◆ **Work order**
Type out the whole listing again exactly, pictures omitted.

◆ **Data block**

——

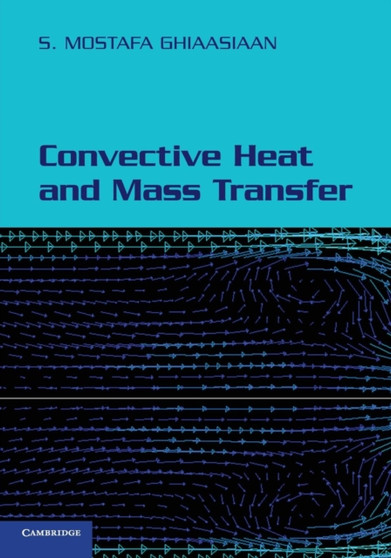 Convective Heat and Mass Transfer by S.Mostafa Ghiaasiaan - Paperback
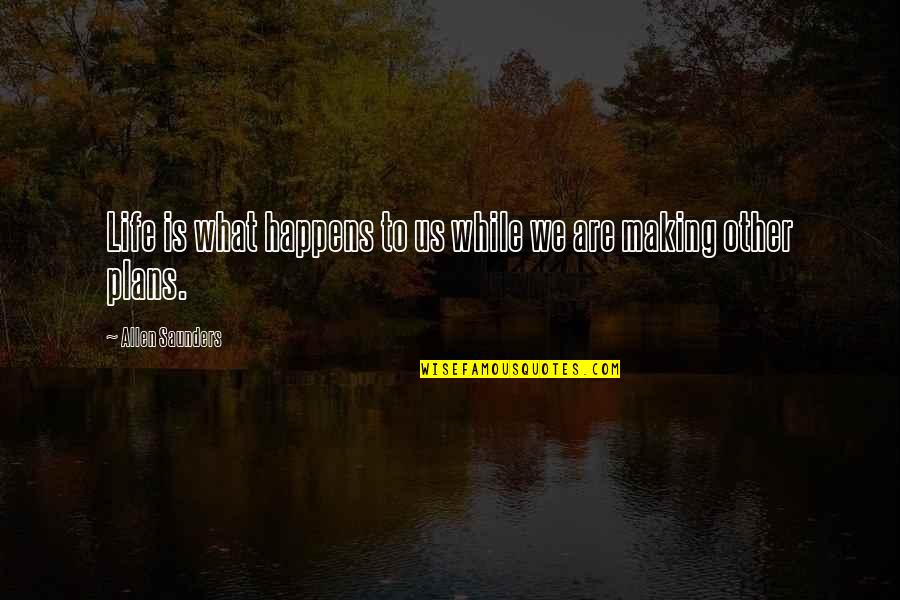 Making Plans Life Quotes By Allen Saunders: Life is what happens to us while we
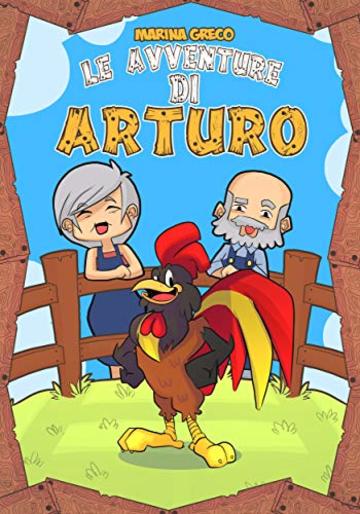 LE AVVENTURE DI ARTURO: Un gallo fuori serie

——

◆ **Answer**
 Convective Heat and Mass Transfer by S.Mostafa Ghiaasiaan - Paperback
 Making Plans Life Quotes By Allen Saunders: Life is what happens to us while we
 LE AVVENTURE DI ARTURO: Un gallo fuori serie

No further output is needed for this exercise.